## Source records

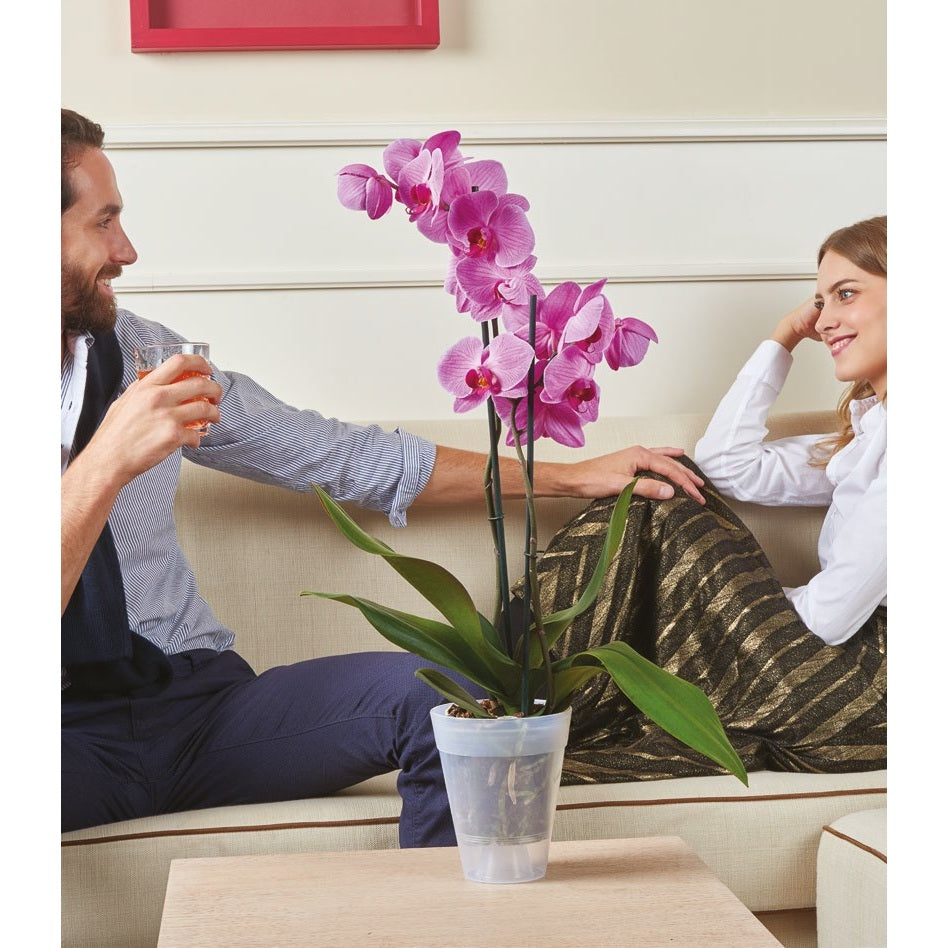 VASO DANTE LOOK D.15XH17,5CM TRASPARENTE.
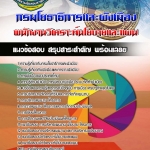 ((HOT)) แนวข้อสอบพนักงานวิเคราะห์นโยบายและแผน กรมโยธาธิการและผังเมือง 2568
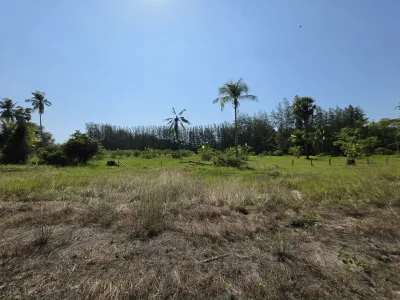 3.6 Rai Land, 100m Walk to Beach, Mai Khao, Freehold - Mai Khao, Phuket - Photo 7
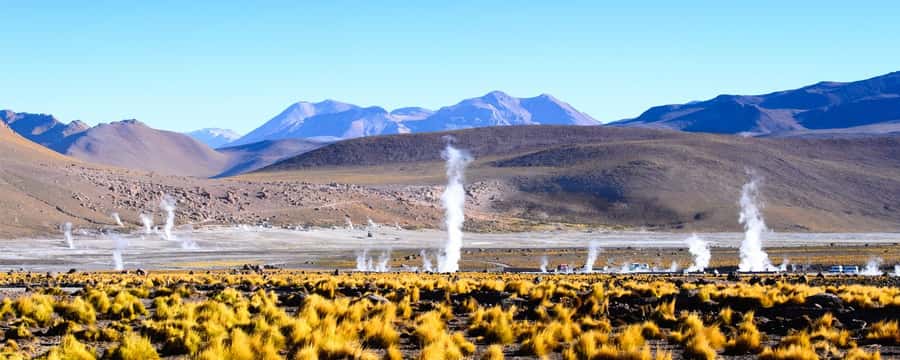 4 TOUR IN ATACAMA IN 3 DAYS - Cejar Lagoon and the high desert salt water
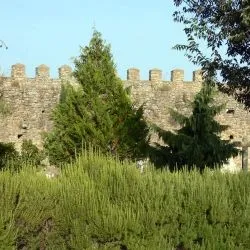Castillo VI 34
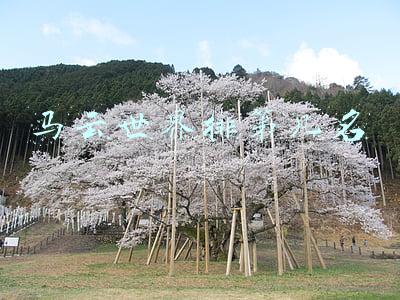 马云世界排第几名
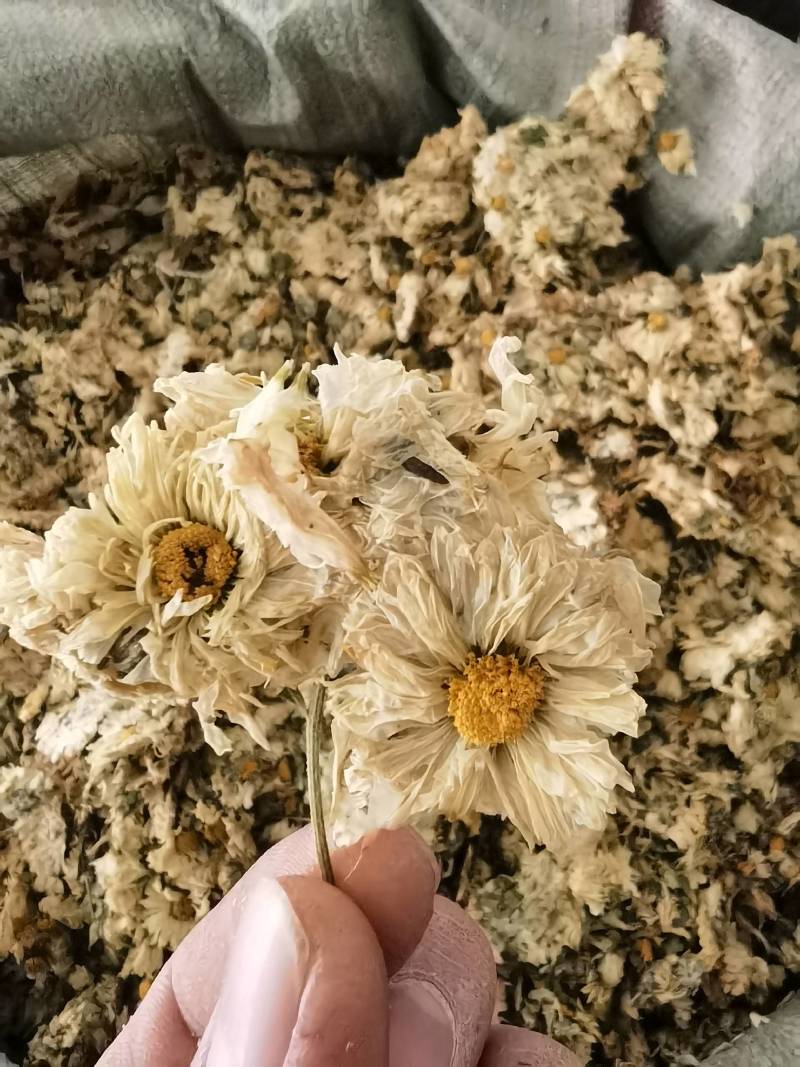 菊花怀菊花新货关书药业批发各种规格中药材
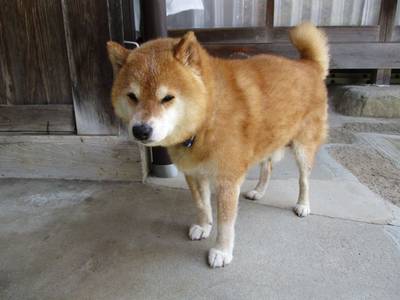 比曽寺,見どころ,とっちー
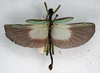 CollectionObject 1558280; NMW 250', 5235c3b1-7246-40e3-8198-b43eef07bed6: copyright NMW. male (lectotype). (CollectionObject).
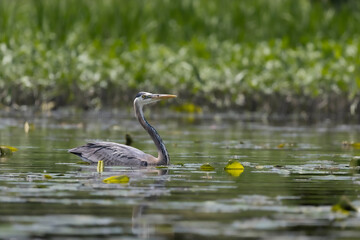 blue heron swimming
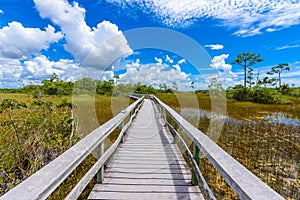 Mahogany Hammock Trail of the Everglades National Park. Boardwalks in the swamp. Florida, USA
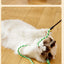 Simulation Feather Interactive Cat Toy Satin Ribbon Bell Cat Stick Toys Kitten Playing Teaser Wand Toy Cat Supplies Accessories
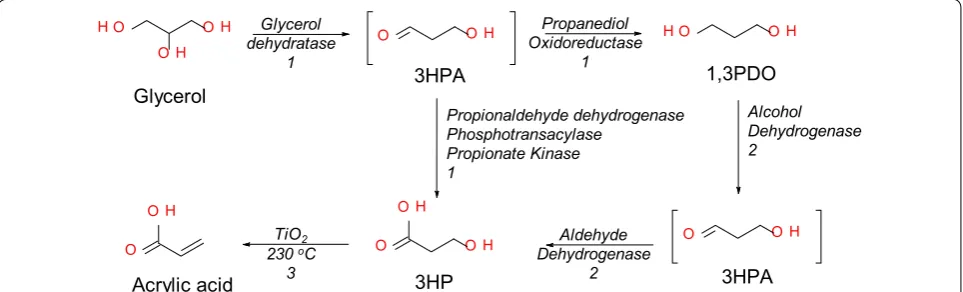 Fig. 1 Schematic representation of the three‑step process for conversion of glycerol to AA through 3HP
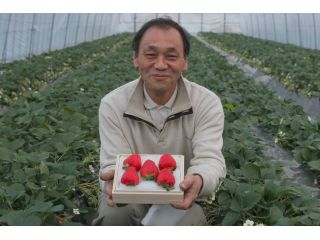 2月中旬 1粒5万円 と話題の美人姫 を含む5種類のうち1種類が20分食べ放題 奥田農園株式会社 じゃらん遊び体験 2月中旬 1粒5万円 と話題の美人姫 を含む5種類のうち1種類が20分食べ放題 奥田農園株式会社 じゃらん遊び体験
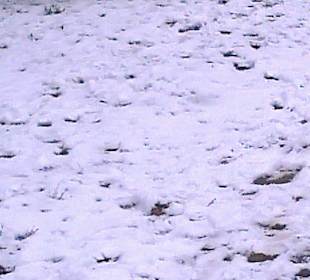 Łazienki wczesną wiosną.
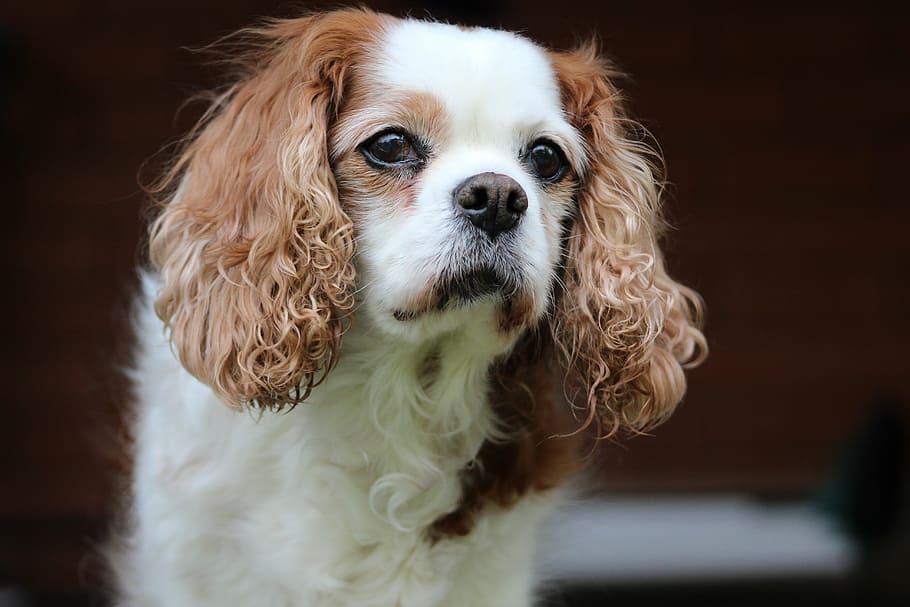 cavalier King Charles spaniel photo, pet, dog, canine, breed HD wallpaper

* * *

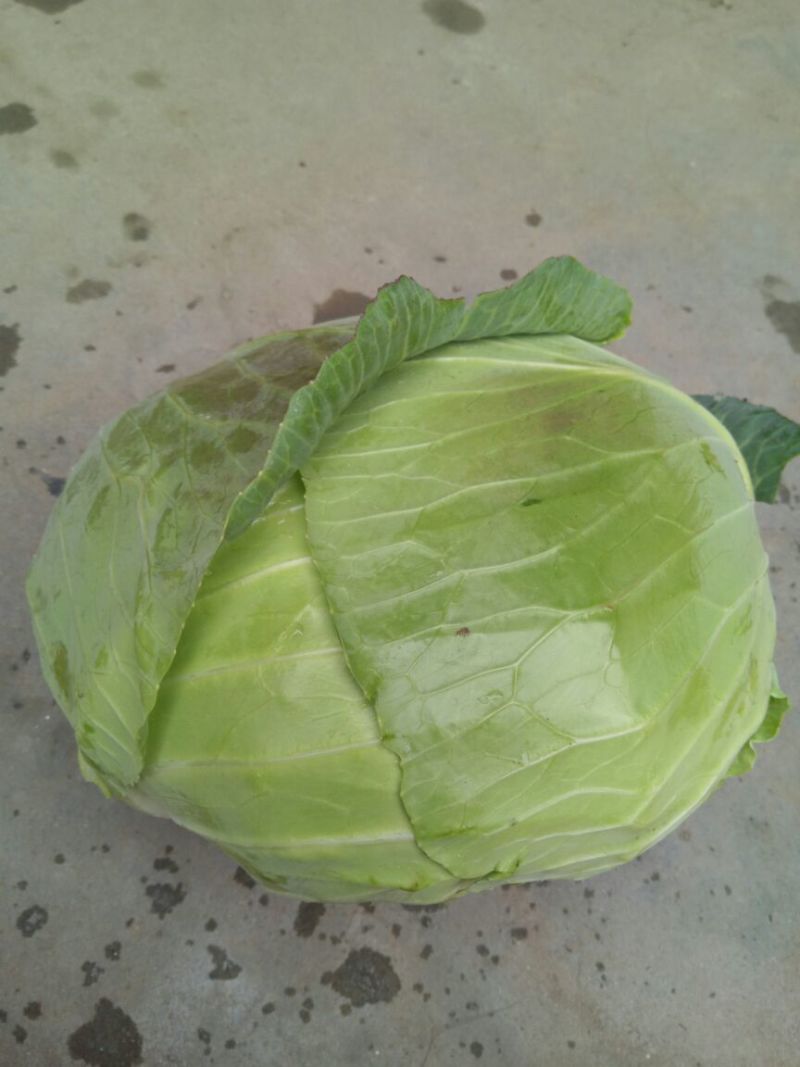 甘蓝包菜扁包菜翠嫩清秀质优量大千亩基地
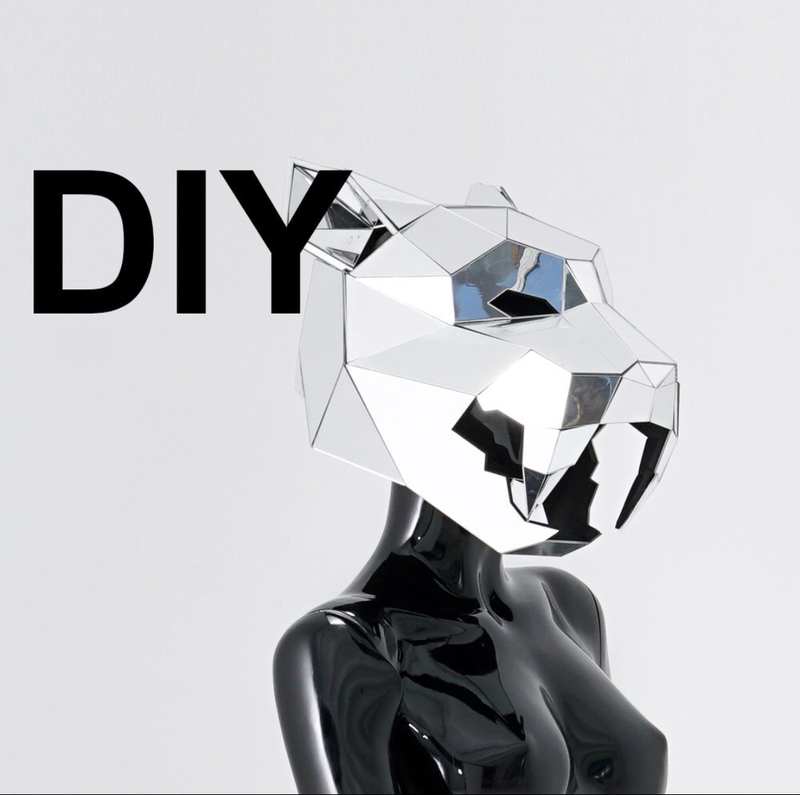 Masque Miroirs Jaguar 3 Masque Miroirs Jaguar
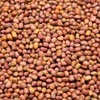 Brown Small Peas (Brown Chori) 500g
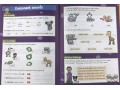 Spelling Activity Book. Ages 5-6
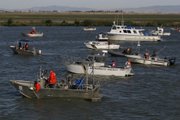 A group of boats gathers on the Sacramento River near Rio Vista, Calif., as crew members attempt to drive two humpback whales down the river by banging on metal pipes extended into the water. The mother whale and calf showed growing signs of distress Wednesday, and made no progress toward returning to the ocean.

## Assignment
In the data above, find the line containing "Fig. 1 Schematic" and the line containing "cavalier King Charles". Repeat those two lines and everything between them exactly, minus the pictures.

## Answer
 Fig. 1 Schematic representation of the three‑step process for conversion of glycerol to AA through 3HP
 2月中旬 1粒5万円 と話題の美人姫 を含む5種類のうち1種類が20分食べ放題 奥田農園株式会社 じゃらん遊び体験 2月中旬 1粒5万円 と話題の美人姫 を含む5種類のうち1種類が20分食べ放題 奥田農園株式会社 じゃらん遊び体験
 Łazienki wczesną wiosną.
 cavalier King Charles spaniel photo, pet, dog, canine, breed HD wallpaper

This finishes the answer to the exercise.